Menelusuri Jejak Benteng Bukit Cening Bukti Sejarah Pertahanan Kerajaan Riau-Lingga

Benteng Bukit Cening yang berada di Daik Lingga merupakan salah satu bukti sejarah pertahanan Kerajaan Riau-Lingga (Foto:Ruzi/Batamnews)

Lingga, Batamnews - Kabupaten Lingga, Kepulauan Riau (Kepri), yang dikenal sebagai Negeri Bunda Tanah Melayu menyimpan segudang situs-situs dan peninggalan sejarah di masa kejayaan Kesultanan Riau-Lingga.

Salah satunya yang bisa dilihat saat ini adalah Benteng Bukit Cening. Berada di ketinggian lebih kurang 100 Mdpl menghadap ke arah laut Pulau Kelombok, benteng ini menyimpan daya tarik tersendiri.

Menurut sejarah, Benteng Bukit Cening ini merupakan pertahanan kedua setelah Pulau Mepar dari kerajaan Riau-Lingga-Johor-Pahang saat menjadikan Daik sebagai pusat pemerintahan.

Benteng yang berada di puncak bukit tersebut telah menjadi salah satu situs sejarah penting yang dimiliki Pemerintah Kabupaten Lingga.

Terletak di atas bukit cukup tinggi dan memiliki luas 32 meter x 30 meter, Benteng ini secara administratif berada di Kampung Seranggung, Kelurahan Daik, Kecamatan Lingga.

Literatur yang ada menyebut benteng ini dibangun pada masa pemerintahan Sultan Mahmud Syah III yang berkuasa pada masa Kesultanan Lingga tahun 1761-1812.

Benteng yang memiliki 19 unit meriam peninggalan Sultan Mahmud Riayat Syah itu termasuk salah satu dari ratusan peninggalan sejarah di Lingga.

Dari 19 meriam yang ada tersebut, tentu saja memiliki keunikan tersendiri. Terutama yakni meriam yang paling besar di benteng tersebut.

Meriam Tupai Beradu, itu lah meriam terbesar dari 19 meriam yang ada di Bukit Cening. Panjangnya 2,8 meter dengan diameter 12 cm. Dalam penuturan warga, meriam ini diapit oleh meriam Mahkota Raja.

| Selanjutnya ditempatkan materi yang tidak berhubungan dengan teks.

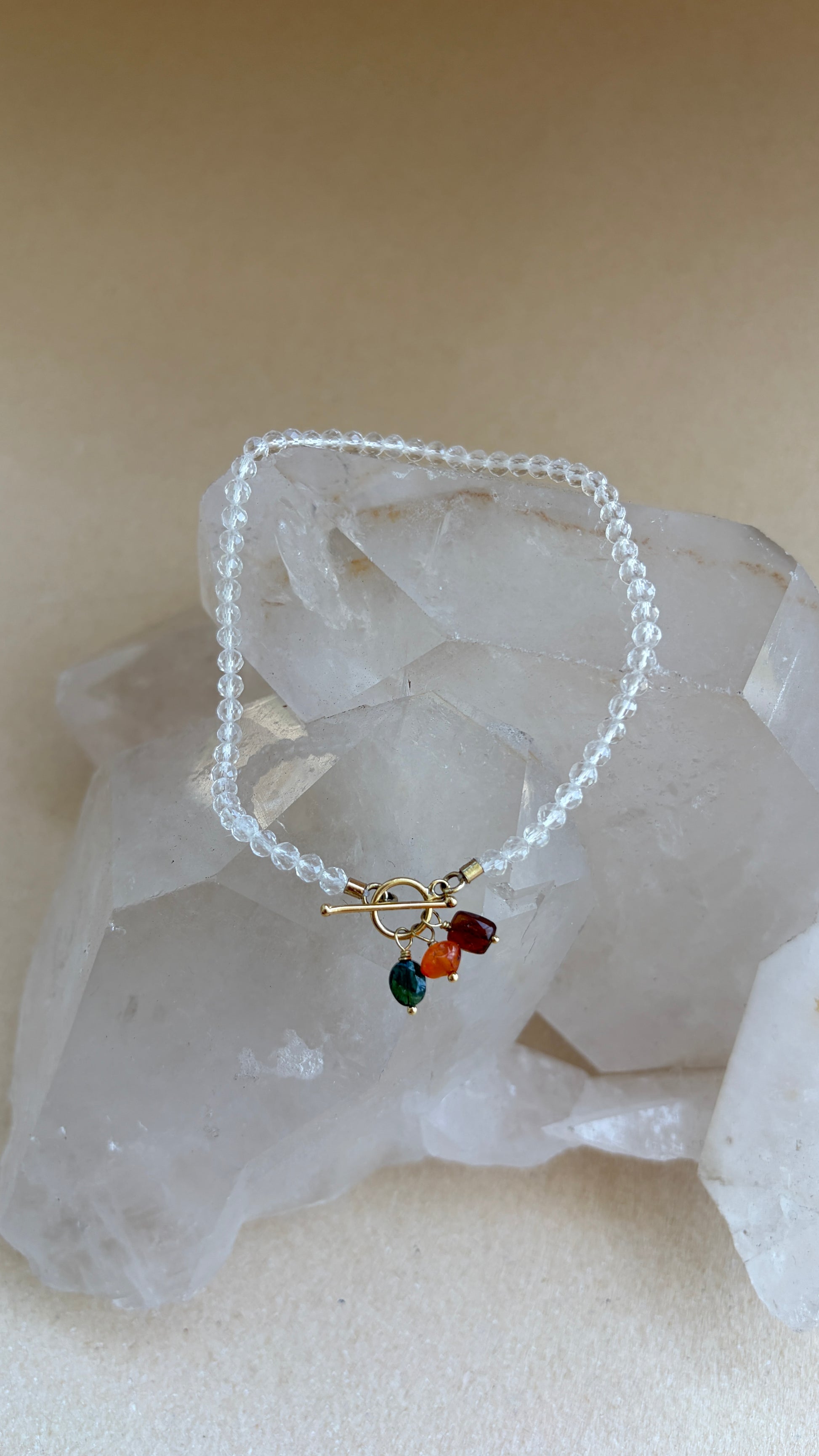 Pulseira Quartzo | Ouro 18k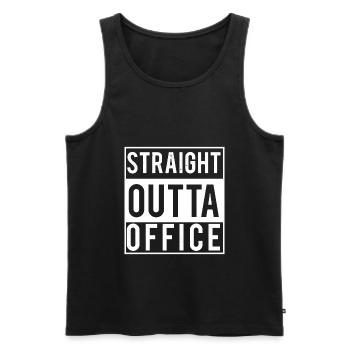 Escape from the office - Men's Premium Organic Tank Top - black - Front - Michal (187cm)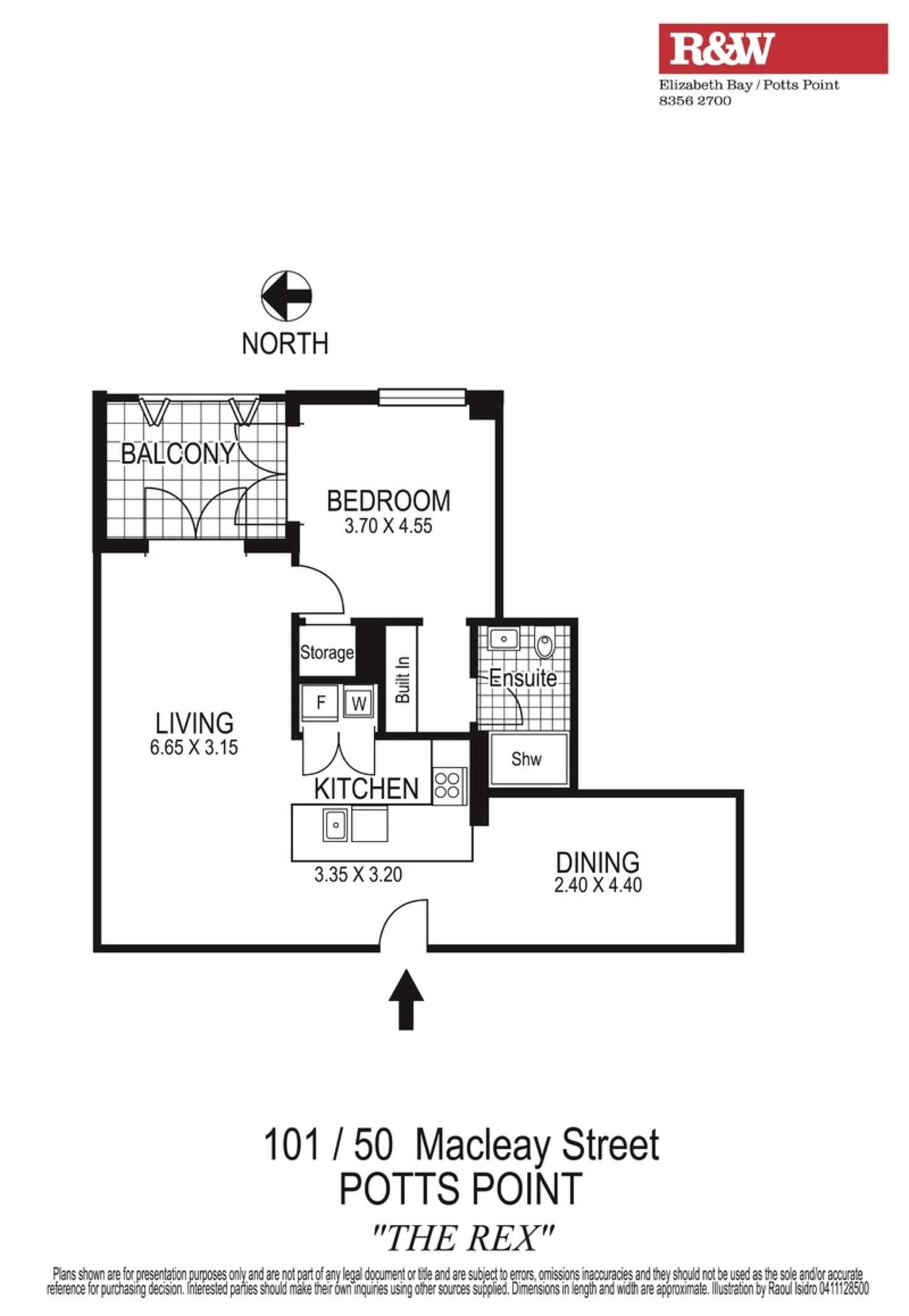 Floorplan of Homely apartment listing, 101/50 Macleay Street, Potts Point NSW 2011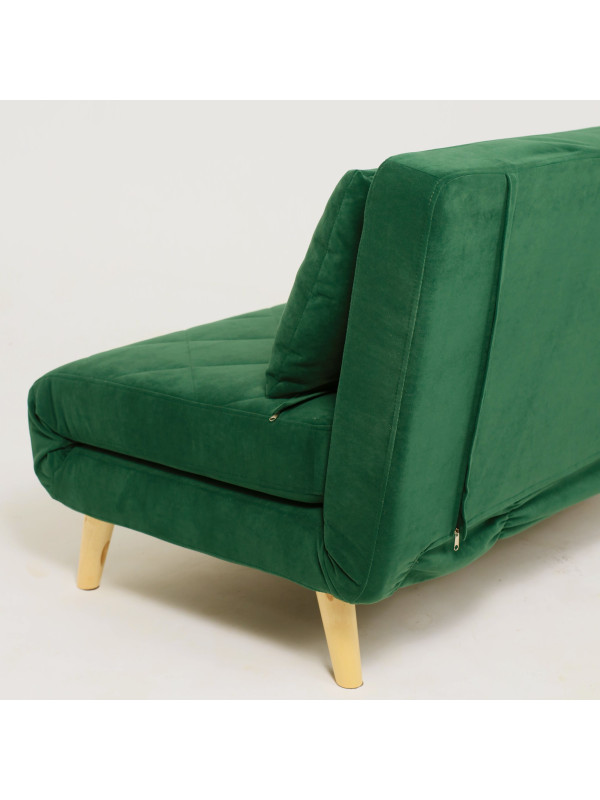 Диван DiArt Элли 120 темно-зеленый/бук сзади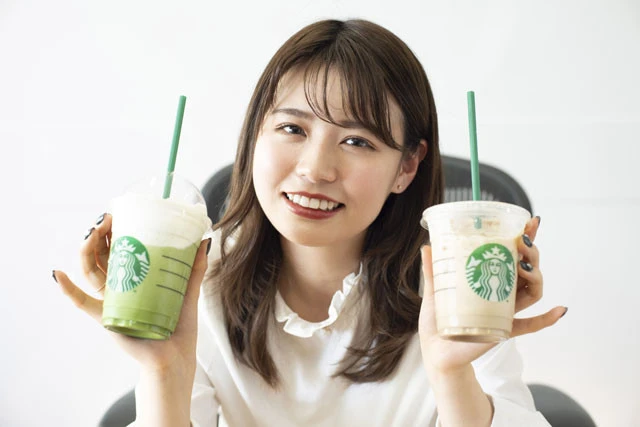 そう、あのスタバ写真! 撮影後、「大丈夫ですかね? 髪色も違うし、なんかちょっと違うな~」と不安を口にしていた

Meriam Tupai Beradu juga dikenal sebagai meriam penghancur. Mungkin, sebutan meriam penghancur muncul karena meriam tersebut lebih besar dari yang lainnya. Saat ini, susunan meriam itu disesuaikan dengan kisah-kisah yang tersebar di masyarakat. 

Selain itu, di benteng itu juga ditemukan angka 1783 dan 1797 serta tulisan VOC yang diduga sebagai tahun pembuatan meriam. Tulisan “VOC” menandakan meriam itu dibeli dari pemerintah Hindia Belanda. Keterangan itu tertulis pada prasasti di bagian depan benteng.

Namun, sayangnya akses menuju benteng yang juga bisa dijadikan lokasi bersantai ketika sore hari dengan pemandangan laut Pulau Kelombok dan megahnya Gunung Daik bercabang tiga serta Bukit Permata tersebut belum maksimal.

Hal demikian dapat dilihat dengan kondisi jalan menuju lokasi benteng yang masih tanah. Bahkan bebatuan kecil menghiasi akses menuju benteng, membuat tidak nyaman ketika menuju lokasi.

Sebagaimana diketahui, benteng yang ada tersebut dibangun pada abad ke-18 sejak pemerintahan Sultan Mahmud Riayat Syah III pindah dari Hulu Riau ke Daik Lingga.